SBP revises Financial Reporting guidelines for Banks, DFIs and MFBs

SBP reduces Key Interest Rate by 100bps, takes it to 12%

Karachi, January 22, 2025: The State Bank of Pakistan (SBP) has issued revised instructions to facilitate the implementation of the International Financial Reporting Standard 9 (IFRS 9) across financial institutions, including banks, Development Finance Institutions (DFIs), and Microfinance Banks (MFBs). The updated directives, announced in a circular dated January 22, 2025, include key amendments to address industry-specific requirements and enhance compliance processes.

One of the major changes involves the retrospective application of modification accounting for loans modified on or after January 1, 2020. Additionally, financial institutions are allowed to maintain general reserves and provisions exceeding the Expected Credit Loss (ECL) for Stage 1 and Stage 2 loans until December 31, 2026, providing flexibility in reserve management.

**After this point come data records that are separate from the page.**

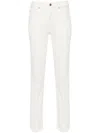 Tom Ford Straight-leg Jeans In White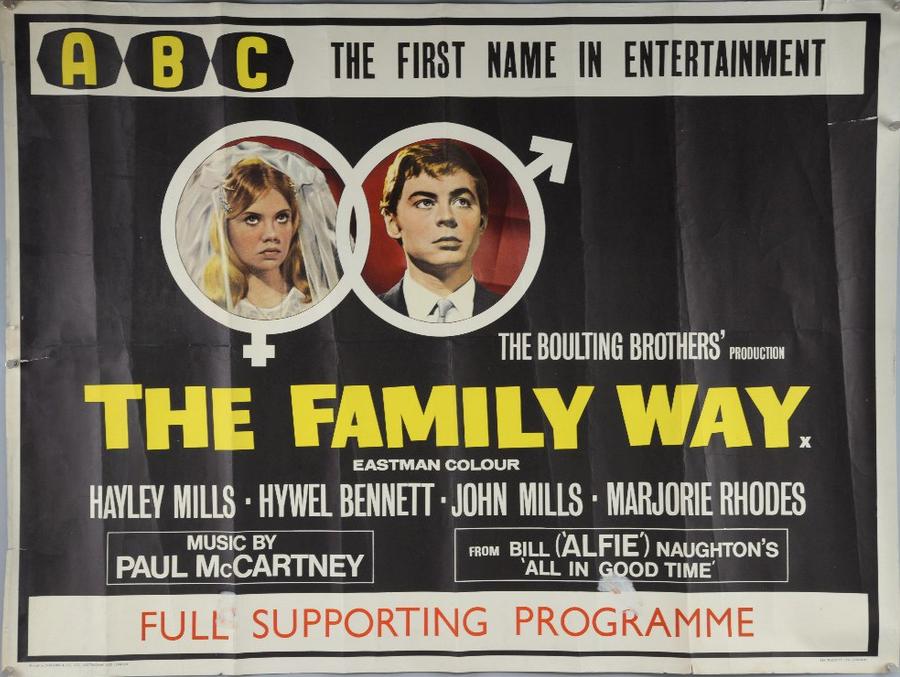  فیلم سینمایی The Family Way به کارگردانی John Boulting و Roy Boulting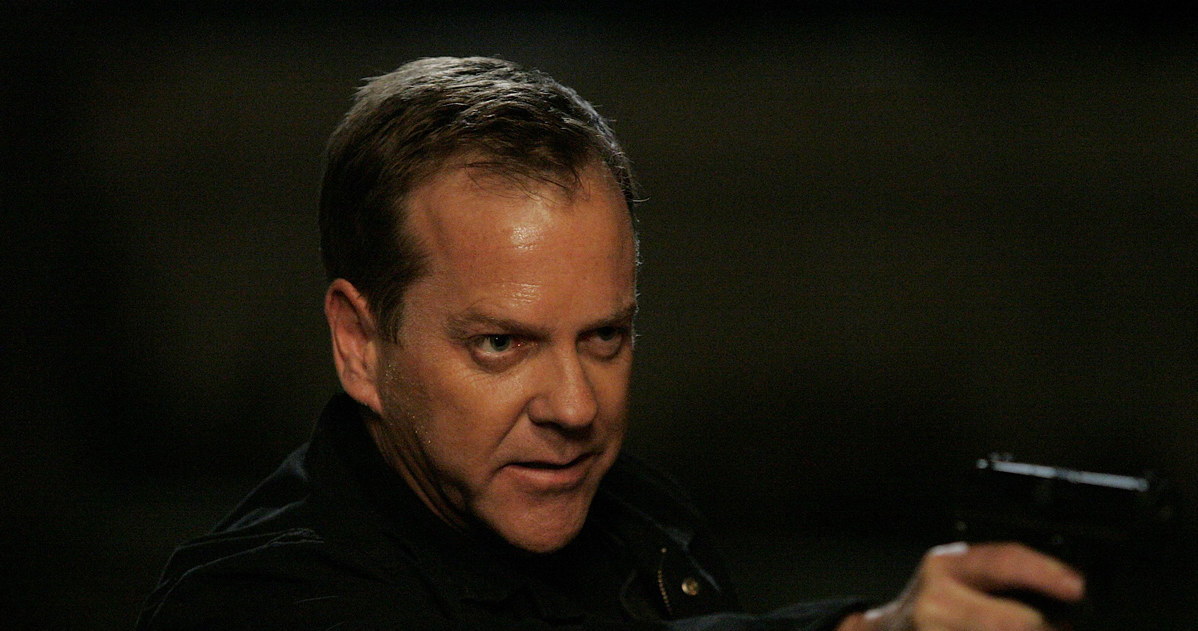 &nbsp; Kiefer Sutherland /Canal+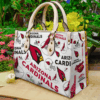 Arizona Cardinals Leather Handbag 2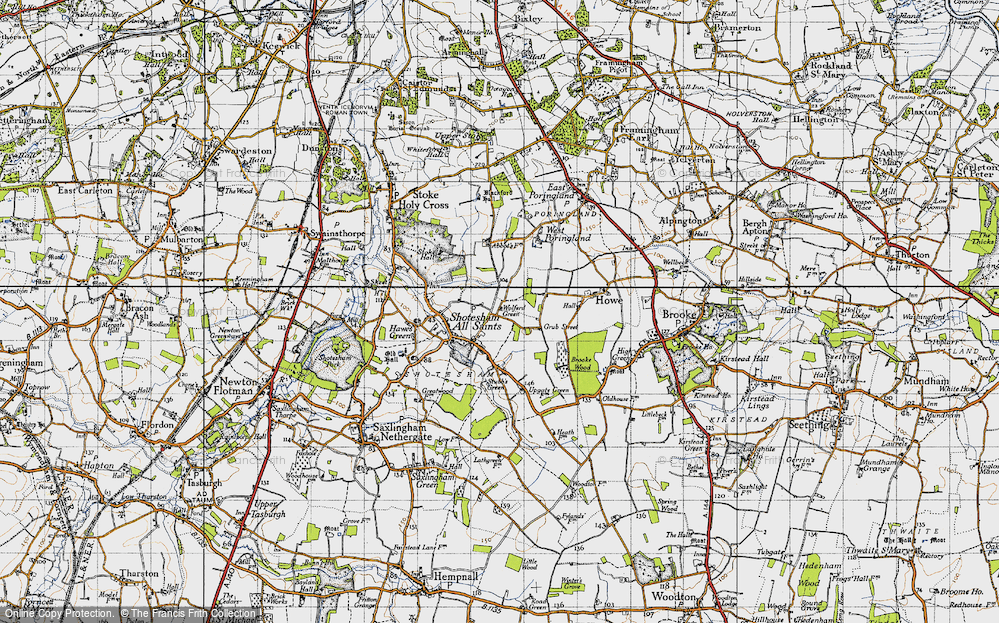 Shotesham, 1946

For Islamic Banking Institutions (IBIs), the SBP has allowed adherence to Islamic Financial Accounting Standards (IFAS) 1 and 2 for applicable products while continuing with existing methodologies for other Islamic offerings. However, IBIs must disclose the potential financial impact of fully adopting IFRS 9 in their financial statements. Furthermore, the SBP reiterated that charity funds generated through Islamic products should not be recognized as income, in line with its prior instructions.

The SBP clarified that all other guidelines issued under IFRS 9 remain unchanged. The updated measures are aimed at streamlining compliance processes while accommodating the operational needs of various financial institutions operating in Pakistan.

These revisions are expected to ease the transition to IFRS 9 for financial institutions while ensuring alignment with both conventional and Islamic banking frameworks.